Tendinite - Inflamação aguda ou crônica dos tendões. Manifestam-
se com mais freqüência nos músculos flexores dos dedos, e 
geralmente são provocados por dois fatores; movimentação 
freqüente, e período de repouso insuficiente. 
Manifesta-se principalmente através de dor na região que é 
agravada por movimentos voluntários.Associados à dor, 
manifestam-se também edema e crepitação na região. 
 
 
 
 
 
 
 
 
Tenossinovite dos Flexores dos Dedos 
O QUE É? 
Os tendões flexores dos dedos estão presentes na parte da palma das mãos. Esses 
tendões estão recobertos por uma bainha chamada sinovial, que faz com que a contração do 
músculo fique mais "macia". Quando ocorre a inflamação dessa bainha sinovial, usa-se o termo 
tenossinovite, no caso dos tendões que fazem à flexão dos dedos. Devido à inflamação da 
bainha, quando houver contração do músculo para movimentar os dedos, aparecerá o sintoma 
de dor local, e o movimento das mãos não será bem realizado. 
DIAGNÓSTICO 
O paciente irá se queixar dor e inflamação na parte interna da mão, principalmente 
quando fizer o movimento de flexão dos dedos (quando a pessoa fecha as mãos, por exemplo) 
TRATAMENTO 
Da mesma forma, usam-se antiinflamatórios para aliviar a dor e inflamação, bem como 
é indicado o repouso das articulações envolvidas. 
 
 
 
 
 
 
 
Tenossinovite – Inflamação aguda ou crônica das bainhas dos tendões. Assim como a 
tendinite os dois principais fatores causadores da 
lesão são; movimentação freqüente, e período de 
repouso insuficiente. 
Manifesta-se principalmente através de dor na região 
que é agravada por movimentos voluntários. 
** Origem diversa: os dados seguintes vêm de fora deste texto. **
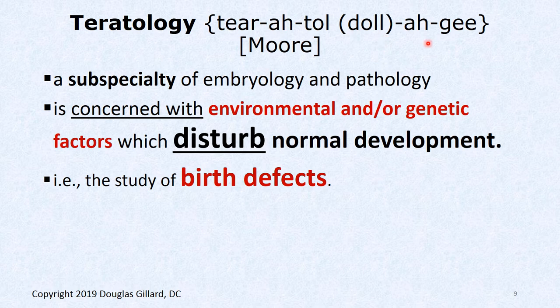We need to know the word teratology. That is a subspecialty of embryology and pathology. It's concerned with environmental or genetic factors which disturb normal development. In other words, teratology is the study of birth defects.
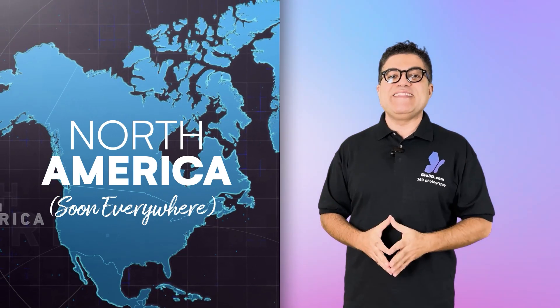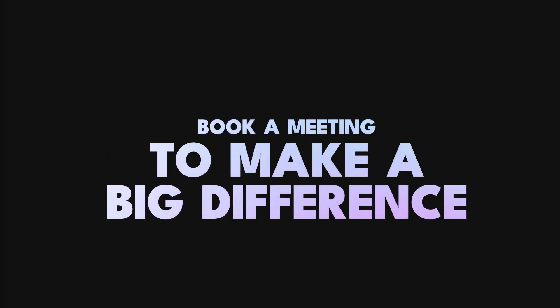We're starting from North American dealers and the plan is to expand it to every car dealership on the planet. All you need to do now is to book a meeting with our team using the link below or in the comments or description section to activate it in your free account and to start using it immediately. Thanks for watching.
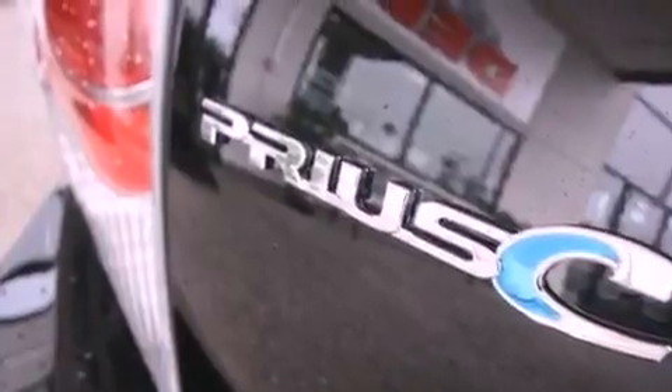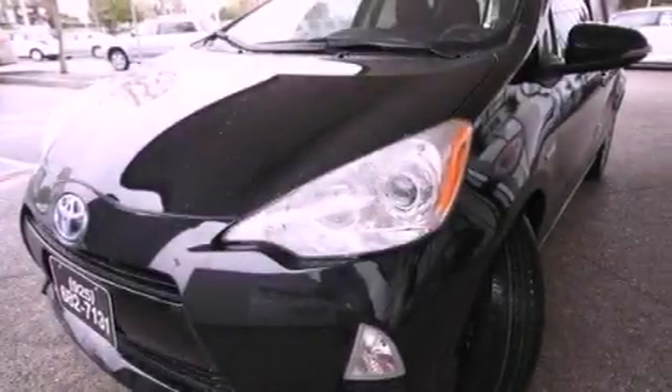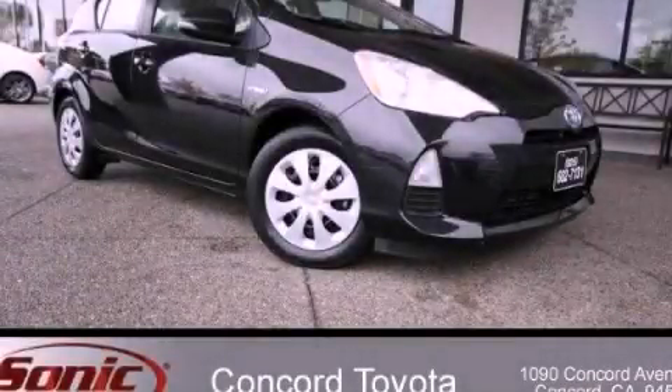With an EPA estimated rating of 46 miles per gallon on the highway, this vehicle helps leave money in your pocket where you want it. Stop by today and test drive this vehicle for yourself.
Associados à dor, manifestam-se também edema e 
crepitação na região. 
 
 
 
 
 
 
Tenossinovite Estenosante 
(Dedo em Gatilho) 
O QUE É? 
Essa doença envolve os tendões flexores dos dedos das mãos, que passam por túneis 
dentro dos dedos. Se houver a formação de um nódulo sobre o tendão ou ocorrer um inchaço 
na bainha que o cobre, ele então se tornará mais largo, ficando comprimido nos túneis por 
onde ele passa. Conforme a pessoa mexe os dedos, ela irá sentir um estalo ou escutar um 
barulho na articulação envolvida, principalmente no meio dos dedos. 
DIAGNÓSTICO 
Pode ser feito através dos sintomas apresentados, bem como a referência de que a 
pessoa trabalha em serviços que requerem o uso da palma das mãos e o movimento de fechar 
os dedos, como carimbar e grampear, em movimentos repetitivos e por longos períodos. 
TRATAMENTO 
O tratamento mais indicado para este problema é o uso de antiinflamatórios e repouso 
das articulações. 
PREVENÇÃO 
Evitar o uso repetitivo das articulações, se possível usar um grampeador elétrico ou 
que ele seja acolchoado para evitar que a palma das mãos se force. A mesma coisa é válida 
para os carimbos. Também podem ser usadas luvas com gel para que amorteçam a batida 
contra a palma das mãos. 
 
 
 
 
 
Epicondilite Lateral 
O QUE É? 
Essa doença é conhecida como tennis elbow (cotovelo de tênis) e, é causada pela 
inflamação das pequenas protuberâncias dos ossos do cotovelo, os chamados epicôndilos. 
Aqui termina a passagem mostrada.